Logiernächte in der Schweiz mit Plus in der Wintersaison

Die Schweizer Hotelbetriebe haben in der Wintersaison 2016/17 eine steigende Nachfrage verbucht. Die Zahl der Logiernächte von November 2016 bis April 2017 wuchs gegenüber der Vorjahresperiode um 2,0% auf 15,7 Mio. Dabei stieg die Nachfrage aus dem Ausland (+2,1%, 8,2 Mio) etwas stärker als aus den Inland (+1,9%, 7,5 Mio), wie das Bundesamt für Statistik (BFS) am Dienstag mitteilte.
06.06.2017 09:57

Im April 2017 wurde durch den späten Ostertemin eine deutliche Zunahme um 11% auf 2,52 Mio verbucht. Betrachtet man April und März zusammen, um die Oster-Auswirkungen aufzuheben, resultiert ein Plus von 4,3% auf 5,67 Mio Logiernächte, wie das BFS weiter schreibt.

Die stärkere Auslandsnachfrage in der Wintersaison sei in erster Linie den Gästen aus Asien zuzuschreiben, die einen Anstieg um 9,6% verbuchten, heisst es weiter.
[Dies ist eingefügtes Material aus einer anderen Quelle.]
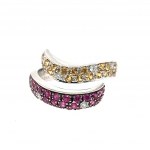 RING IN 18K WHITE GOLD 6.05 GR WITH DIAMONDS - RNG30511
Unter diesen Ländern registrierten vor allem Süd-Korea (+26%), China (ohne Hongkong, +7,6%) und Indien (+18%) einen deutlichen Anstieg. Auch die Zahlen vom amerikanischen Kontinent( +7,9%), inklusive USA (+7,0%) stiegen. Demgegenüber war Europa (-0,3%) insgesamt rückläufig mit stärkeren Rückgängen aus Grossbritannien (-4,7%), Italien (-5,8%), Deutschland (-1,3%) und Frankreich (-2,0%).

Neun der dreizehn Tourismusregionen registrierten in der touristischen Wintersaison gegenüber der entsprechenden Vorjahresperiode eine Logiernächtezunahme, wobei Bern, Wallis und Tessin den grössten absoluten Anstieg aufwiesen.